Powołani wezwani do świętości

Realizację powołania cechuje dynamizm. Nie jest ono bowiem biernym oczekiwaniem przyszłości zbawczej, ale praktykowaniem wiary, która wyraża się w głębokiej, intymnej i dynamicznej zarazem więzi z Bogiem i Jego Synem Jezusem Chrystusem w Duchu Świętym. Jest to droga uświęcenia, do jakiej wzywa św. Jan ewangelista: „Każdy zaś, kto pokłada w Nim tę nadzieję, uświęca się, podobnie jak On jest święty” (1J 3,3). Warto zwrócić uwagę na używaną przez Jana terminologię. Czasownik „uświęca się” oddaje za pomocą greckiego hagnidzo, natomiast „święty” to hagnos. Zazwyczaj czytelnik oczekiwałby tu terminów hagiadzo i hagios, po które często sięga św. Paweł. Jednak u Pawła zarówno czasownik, jak i przymiotnik mogą wskazywać na stan ontyczny, nie moralny (chrześcijanie są „święci”, gdyż przyjęli chrzest). Tymczasem, aby podkreślić konieczność moralnego wysiłku chrześcijan, Jan wybiera terminy, które go akcentują, a które można także oddać za pomocą „stać się nieskalanym” i „nieskalany”; takie terminy z pewnością mają konotacje moralne. Choć więc chrześcijanin już jest dzieckiem Bożym, może w pewnym sensie stawać się nim bardziej poprzez proces uświęcania się. Motywacją do podjęcia wysiłku moralnego jest pragnienie, by stać się nieskalanym jak Chrystus.

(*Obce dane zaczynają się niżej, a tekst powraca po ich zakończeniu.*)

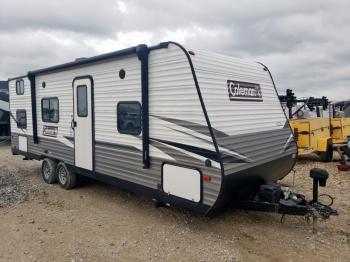  Salvage Keystone Camper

Tylko osoba o czystym, nieskalanym sercu, będzie mogła cieszyć się bliskością Chrystusa w gronie zbawionych. Dla Żydów jawna wydaje się tu aluzja do psalmów wstępowania do świątyni – mieszkania Boga. Jeden z nich głosi:

„Kto wstąpi na górę Pana
lub kto stanie w Jego świętym miejscu?
Człowiek rąk nieskalanych i czystego serca,
który nie skłonił swej duszy ku marnościom” (Ps 24,3).

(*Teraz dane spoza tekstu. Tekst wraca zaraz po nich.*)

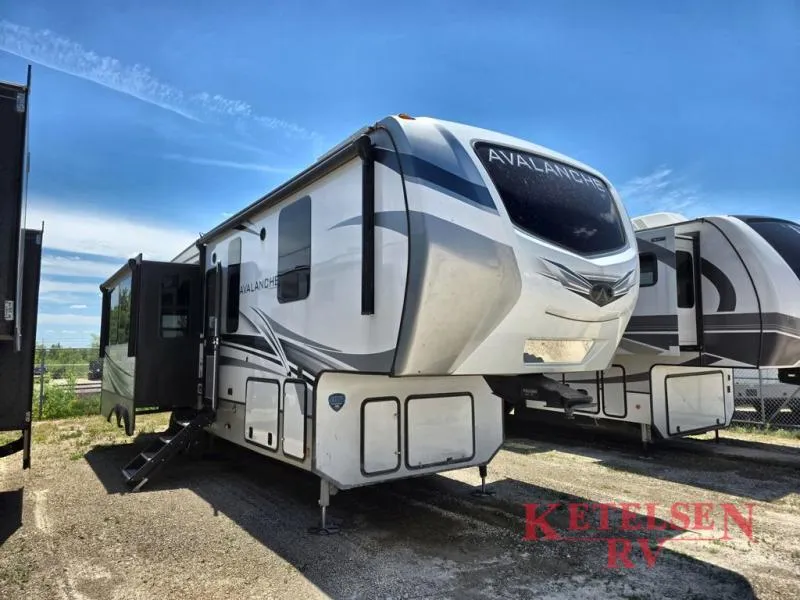 2022 Keystone Avalanche 312RS - Photo 2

Psalmista stwierdza, że oblicze Boga oglądać mogą na Syjonie tylko ci, których serce jest czyste. Chodzi więc o coś więcej, niż tylko zachowanie przepisów rytualnych. Wstępujący do świątyni winien mieć „serce czyste”, czyli być wolny od grzechu. Wiadomą jest rzeczą, że te starotestamentowe oczekiwania oglądania oblicza Boga nie spełniły się; przeniesiono je na czasy mesjańskie, kiedy to zakróluje oczekiwany Boży Pomazaniec. W tym sensie właśnie chrześcijaństwo przejęło obietnice mesjańskie, ukazując ich wypełnienie w Chrystusie. Wierzący w Niego będą oglądać Go takim, jakim jest, gdyż serce ich będzie uświęcone.

Konkluzja

Analiza Mateuszowego opisu powołania przez Jezusa pierwszych uczniów prowadzi do wniosku, że powołanie realizuje się na drodze nieustannego towarzyszenia Jezusowi (gr. akoluthein – „iść za”). Staje się to możliwe dzięki zmartwychwstaniu Jezusa. Fakt ten jest największym źródłem radości dla tych, którzy szczerym sercem odpowiadają na Boże wezwanie. Zmartwychwstały wciąż żyje i wciąż wzywa kolejnych uczniów i uczennice na drogę powołania. Droga ta jest drogą uświęcania się, zgodnie ze słowami Jana Pawła II: „Wszystkie dzieci Kościoła, powołane przez Ojca, aby słuchać Chrystusa, muszą odczuwać głęboką potrzebę nawrócenia i świętości. Jak jednak podkreślano na Synodzie, potrzeba ta odnosi się przede wszystkim do życia konsekrowanego. Istotnie, powołanie skierowane do osób konsekrowanych, aby szukały najpierw Królestwa Bożego, jest nade wszystko wezwaniem do pełnego nawrócenia, to znaczy do wyrzeczenia się samych siebie i do życia wyłącznie dla Pana, tak aby Bóg był wszystkim we wszystkich” (Vita consecrata 35).